(What the task asks) Take the lines below between the one holding "Metal Wall Art" and the one holding "number set for", inclusive, and copy them exactly. Add nothing.
┌──
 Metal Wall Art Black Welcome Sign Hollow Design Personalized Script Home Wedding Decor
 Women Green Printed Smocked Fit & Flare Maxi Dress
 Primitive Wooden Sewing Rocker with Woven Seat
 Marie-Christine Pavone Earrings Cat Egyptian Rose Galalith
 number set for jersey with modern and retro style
└──
┌──
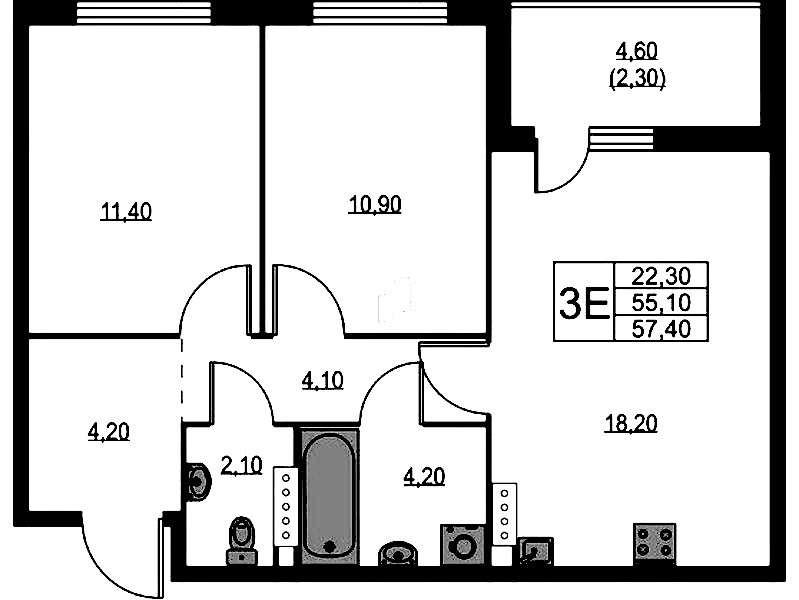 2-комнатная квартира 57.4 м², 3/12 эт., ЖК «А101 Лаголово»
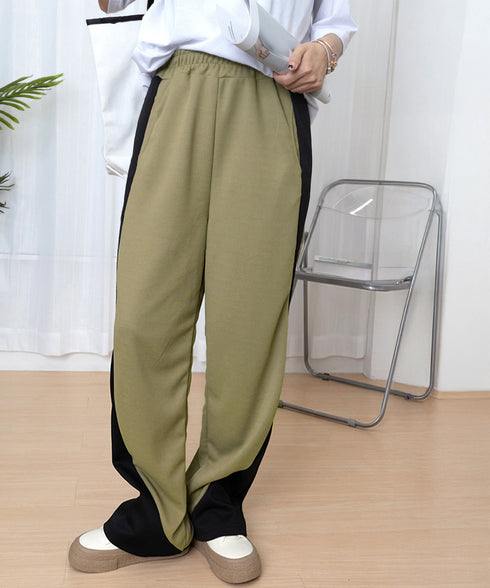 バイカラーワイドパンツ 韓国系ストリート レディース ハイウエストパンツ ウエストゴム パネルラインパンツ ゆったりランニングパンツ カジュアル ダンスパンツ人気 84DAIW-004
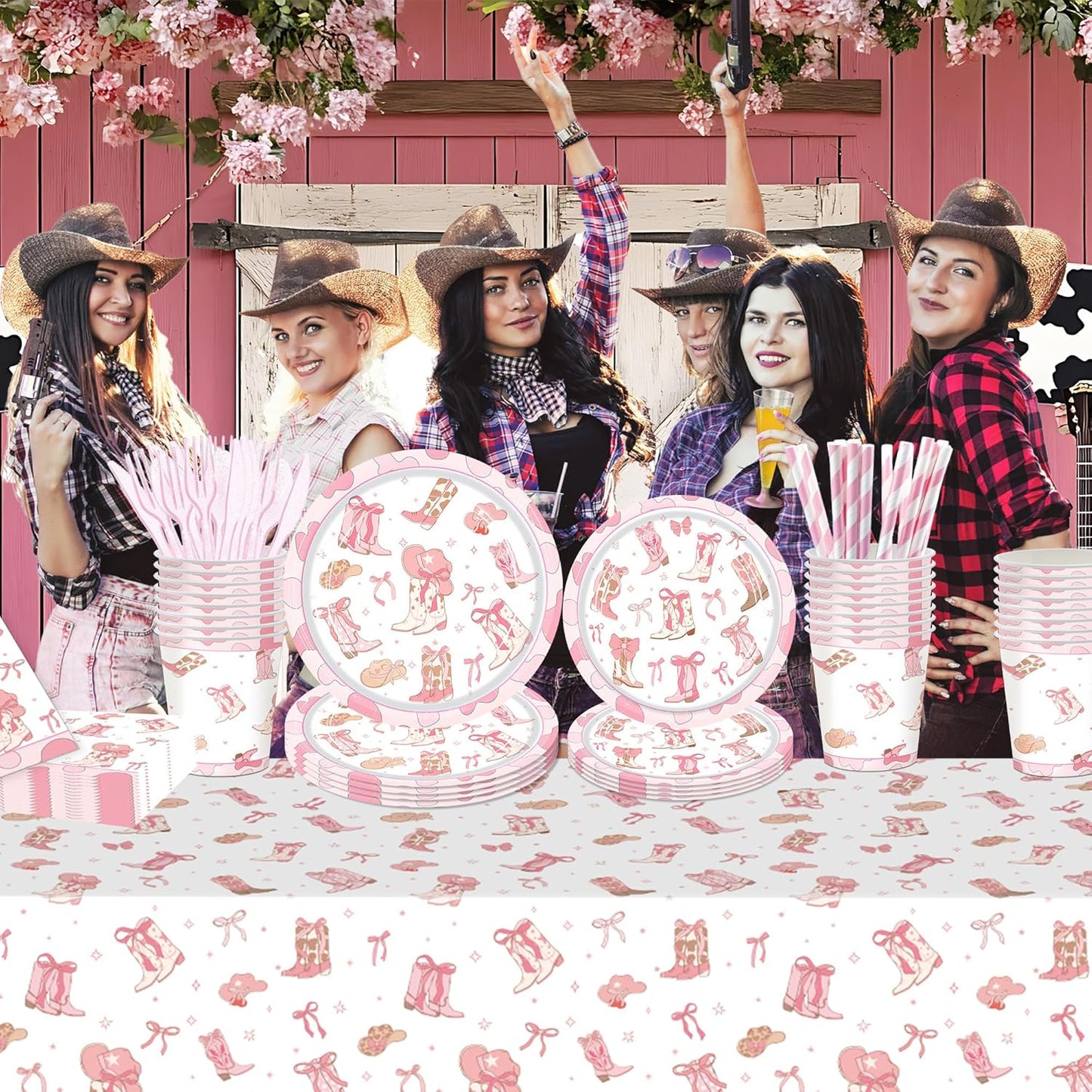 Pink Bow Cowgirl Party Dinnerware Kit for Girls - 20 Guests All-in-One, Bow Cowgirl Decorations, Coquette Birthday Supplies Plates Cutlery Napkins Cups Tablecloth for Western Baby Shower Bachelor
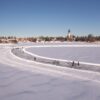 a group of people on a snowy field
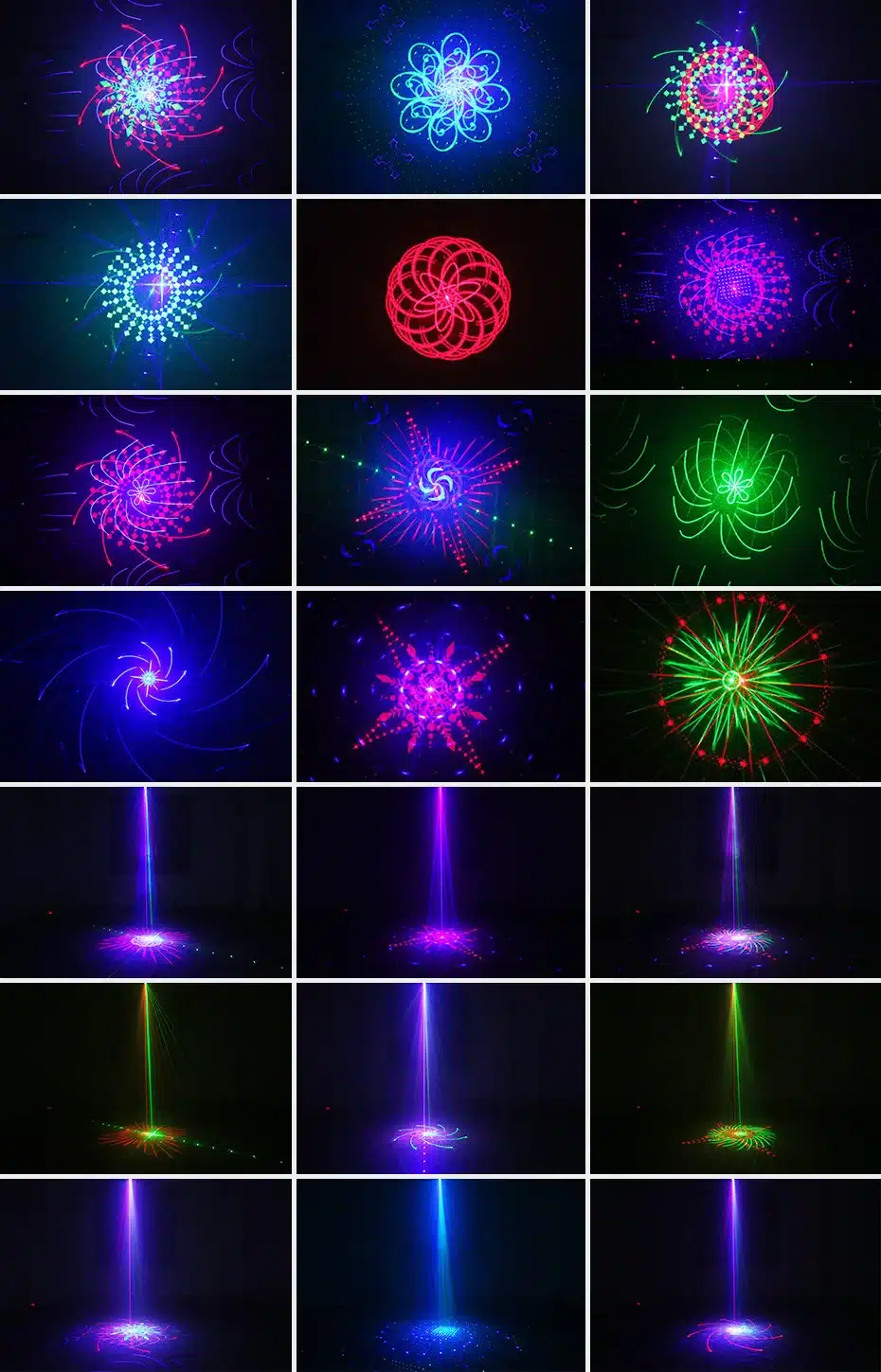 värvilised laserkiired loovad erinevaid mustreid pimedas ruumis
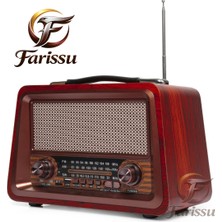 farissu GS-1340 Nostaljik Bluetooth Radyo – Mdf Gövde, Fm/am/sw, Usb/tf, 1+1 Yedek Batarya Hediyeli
└──
(Problem solution)
 Metal Wall Art Black Welcome Sign Hollow Design Personalized Script Home Wedding Decor
 Women Green Printed Smocked Fit & Flare Maxi Dress
 Primitive Wooden Sewing Rocker with Woven Seat
 Marie-Christine Pavone Earrings Cat Egyptian Rose Galalith
 number set for jersey with modern and retro style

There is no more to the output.